The company also touts Bright Health, which addresses that fact that an HPC cluster evolves as hardware and software are subject to change. An interesting feature is the ‘prejob checker’, which consists of a number of tests that run in a few seconds before a job starts. If a test fails, the faulty node is taken offline in the workload manager, the administrator is notified and the job is re-queued – the workload manager is not flushed empty if one of the nodes is faulty, and the job doesn’t have to go to the bottom of the queue.
All on a single DVD
Like the previous company mentioned, Clustercorp specialises primarily in provisioning, but company president Tim McIntire says their main value added is putting all the pieces needed into one distribution, which is called a Rocks.
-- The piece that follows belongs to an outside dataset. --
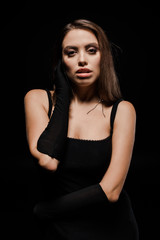 Naklejka premium attractive woman in gloves looking at camera isolated on black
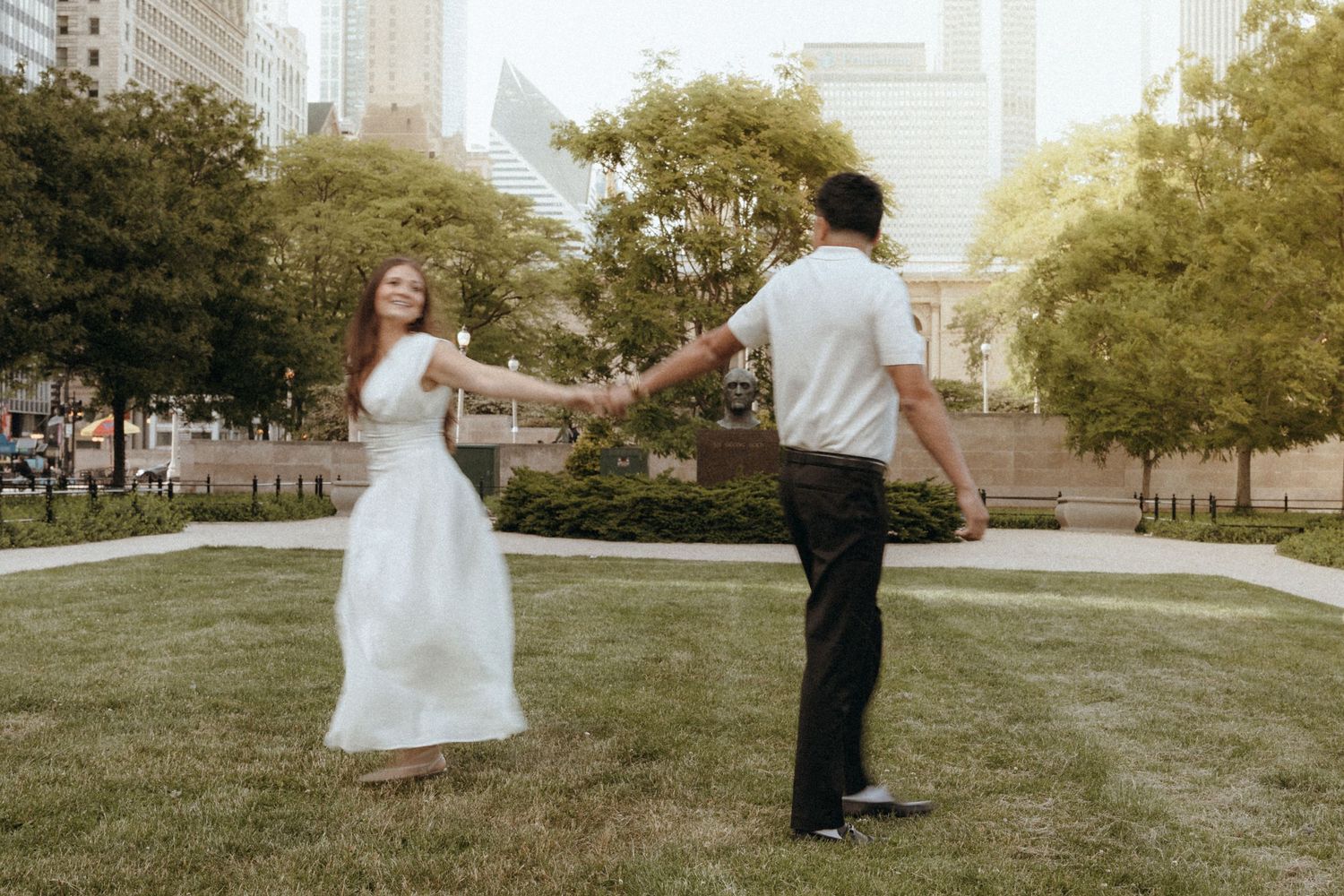 Engaged couple dancing on green lawn in urban park, woman in white dress, man in white shirt.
That, in turn, uses a paradigm called ‘Rolls’, which automates the installation of software across a cluster and prevent ‘software skew’. A Roll can contain any software package built for Linux. Clustercorp’s Rolls include critical stacks from suppliers such as Mellanox (OFED Infiniband), Intel (compilers), Portland Group (compilers), Platform (LSF), Cluster Resources (Moab), TotalView (debugger), Nvidia (Cuda) and Panasas (storage). Further, with the Xen Roll you can use the same tools to spin off virtual clusters inside virtual clusters, each with a VPN (virtual private network). When you provision a node for the first time, you select an appliance type such as a compute node, storage node or, for GPUs, a Cuda node. During provisioning, each Cuda appliance automatically gets the required modules.
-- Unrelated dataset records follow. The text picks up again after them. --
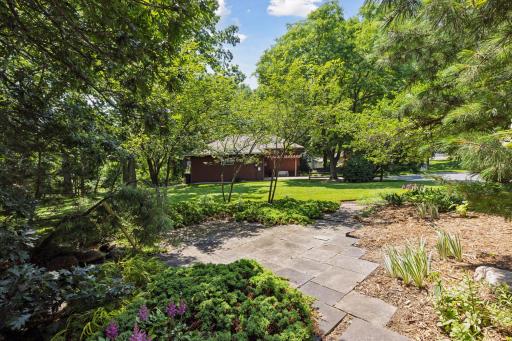 Relax on the Patio to the sounds of the water feature. Enjoy the green space beyond for lawn games!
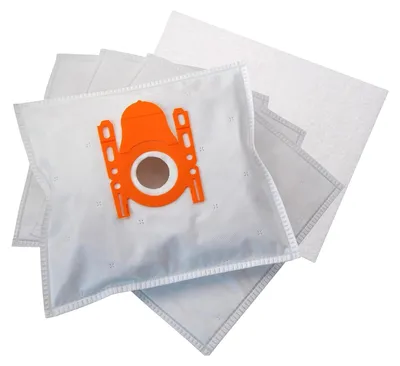 A stack of white vacuum cleaner bags with orange plastic connectors.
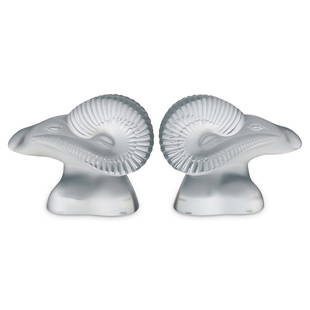 Lalique Crystal "Amon" Bookends: DESCRIPTION: Lalique crystal Amon bookends. Model #11855. This is a pair of matching frosted glass figurines depicting the head of ram. Signed with etched "Lalique France" signature. CIRCA: 20th Centu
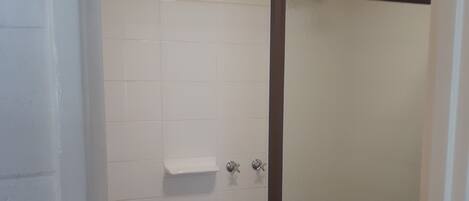 A bathroom with white tiled walls, a shower with a glass door, and a toilet.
With GPUs there is one issue to be aware of, points out Platform Computing’s director of product marketing William Lu, before cluster management software can do a complete job. Specifically, the software needs to detect when a particular GPU is used by a specific application to determine when capacity is or will be available. Today it’s possible to detect the number of GPUs in a node, and that’s a static assignment; however, Cuda provides no indication whether a particular core is in use. Without this information, users might make wrong assumptions about GPU usage and inadvertently leave a GPU idle or try to use two different GPUs – the cluster software just doesn’t know. He relates that his company is working with Nvidia to resolve this technology gap, and future versions of Cuda are likely to have enhancements along these lines.
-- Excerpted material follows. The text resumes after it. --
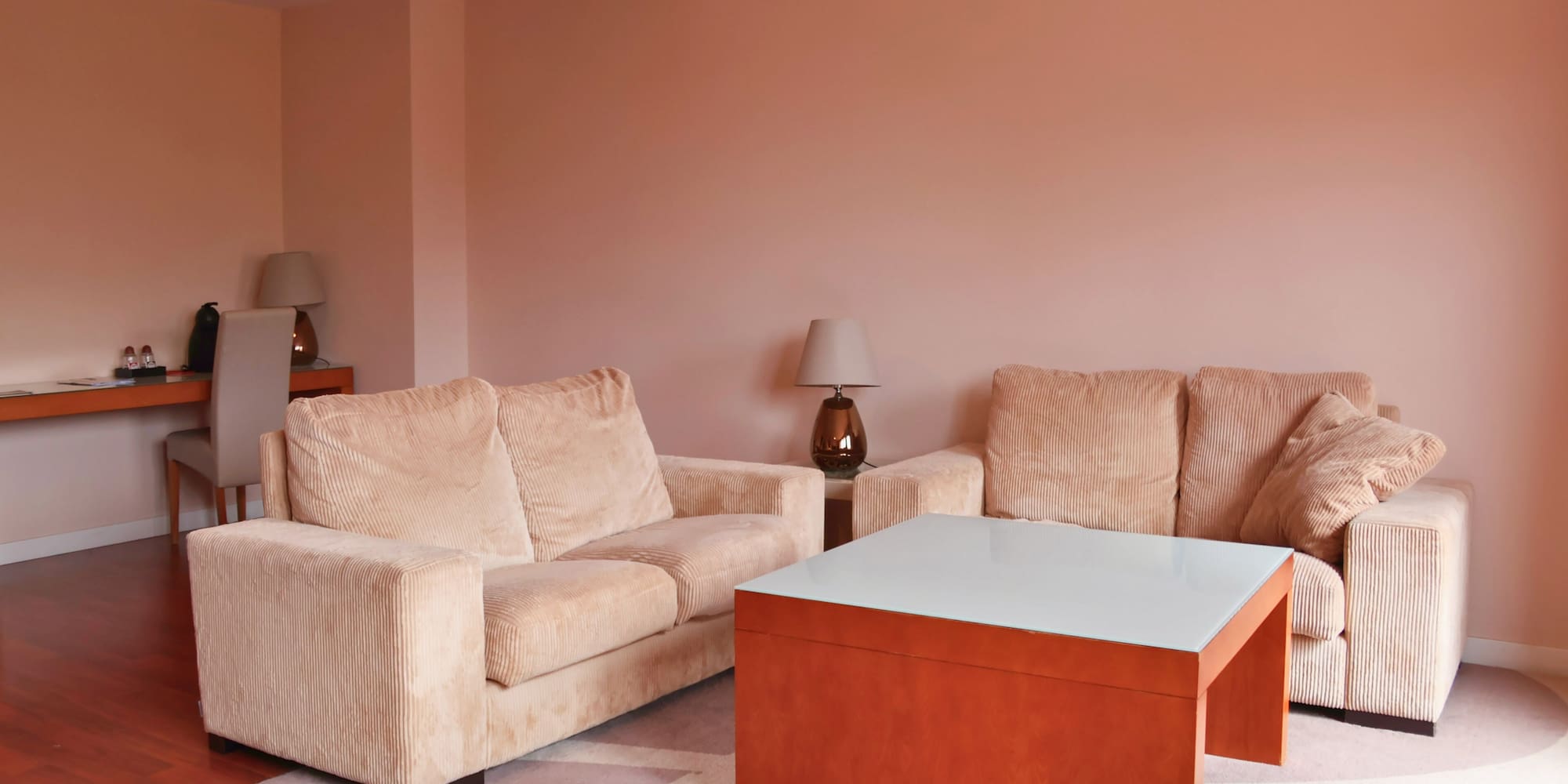 a living room with couches and a coffee table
Another limit is that, today, a workload manager can only send a job and hope that the application benefits from the selected environment. The advice from Jochen Krebs, director of enterprise solutions sales for Altair, is to consider the application and your users (their privileges and rights) and then put in a definition into a site policy that makes sure to reserve GPUs for applications that benefit most from them.
Built with the OS
Besides those firms who provide cluster management software for available Linux operating systems, some are developing an OS with the cluster software already included. One such company is T-Massive Computing, Russia’s largest HPC supplier, with its Clustrx HPC OS. It includes a POSIX-compliant resource manager (based on SLURM, the open-source Simple Linux Utility for Resource Management) along with deployment, job-scheduling, monitoring, power-management, cluster management and provisioning subsystems. This software is being used on the 420-teraflop Lomonosov supercomputer at Moscow State University, a system with 35,776 cores and currently in the 12th position in the current TOP500 list. Clustrx does provide hybrid and GPU-based support with a hybrid MPI, and the firm is working to enhance it with adaptive task management and scheduling including dynamic task profiling as well as some level of GPU (or any other accelerator) node virtualisation.